EclairJS - Putting a Spark in Web Apps
By David WORMS
Jul 17, 2016
- Categories
- Data Engineering
- Front End
- Tags
- Jupyter
- Spark
- JavaScript
Never miss our publications about Open Source, big data and distributed systems, low frequency of one email every two months.
Presentation by David Fallside from IBM, images extracted from the presentation.
Introduction
Web Apps development has moved from Java to NodeJS and Javascript. It provides a simple and rich environment with NPM.
EclairJS is a NodeJS library that provides bindings to a Spark application:
- An RDD is bound to a JS object that is made immutable
- Spark operators are transparently mapped to JS functions (ex: flatMap, filter, …)

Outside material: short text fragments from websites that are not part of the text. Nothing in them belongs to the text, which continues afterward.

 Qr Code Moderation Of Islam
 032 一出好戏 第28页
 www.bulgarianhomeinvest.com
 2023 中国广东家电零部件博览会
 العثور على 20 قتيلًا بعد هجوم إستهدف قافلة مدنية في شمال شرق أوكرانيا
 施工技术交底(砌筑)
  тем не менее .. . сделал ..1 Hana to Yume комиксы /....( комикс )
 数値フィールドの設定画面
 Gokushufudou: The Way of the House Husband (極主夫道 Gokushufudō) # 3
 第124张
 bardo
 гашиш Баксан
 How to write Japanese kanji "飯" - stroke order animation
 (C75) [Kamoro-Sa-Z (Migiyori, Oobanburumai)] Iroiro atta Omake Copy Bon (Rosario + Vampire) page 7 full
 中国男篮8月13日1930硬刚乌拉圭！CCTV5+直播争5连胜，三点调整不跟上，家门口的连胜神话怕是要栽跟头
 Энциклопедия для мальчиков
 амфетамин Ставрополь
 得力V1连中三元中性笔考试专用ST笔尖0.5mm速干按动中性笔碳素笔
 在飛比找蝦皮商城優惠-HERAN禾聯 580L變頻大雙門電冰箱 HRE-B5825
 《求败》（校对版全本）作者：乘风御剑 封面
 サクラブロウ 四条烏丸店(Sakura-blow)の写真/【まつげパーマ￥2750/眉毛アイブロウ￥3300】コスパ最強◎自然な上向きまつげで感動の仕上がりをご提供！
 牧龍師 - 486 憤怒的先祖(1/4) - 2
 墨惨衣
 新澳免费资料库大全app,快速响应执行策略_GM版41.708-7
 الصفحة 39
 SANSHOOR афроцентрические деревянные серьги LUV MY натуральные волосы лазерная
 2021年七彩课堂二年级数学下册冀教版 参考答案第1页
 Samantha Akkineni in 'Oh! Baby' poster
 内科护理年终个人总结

- Every Spark operator mapped returns a promise
The use of promises allows to emulate Spark’s use of the DAG:
- Transformations return a new object and are added to the DAG
- Actions executes the whole DAG to get a result
Architecture
EclairJS has two main components:
- Client: JS API, installed with NPM
- Server: JS providing Java mapping and able to run in the JVM using Oracle Nashorn, has to be run
The server also uses Jupyter Notebook to provide a WebSocket endpoint between client and server
Performance
In terms of performances, Spark’s native Java API is way faster, however EclairJS is twice as fast as Spark’s PySpark API.
Conclusion
EclairJS seems to be a great project if you need to integrate Spark jobs into a web application.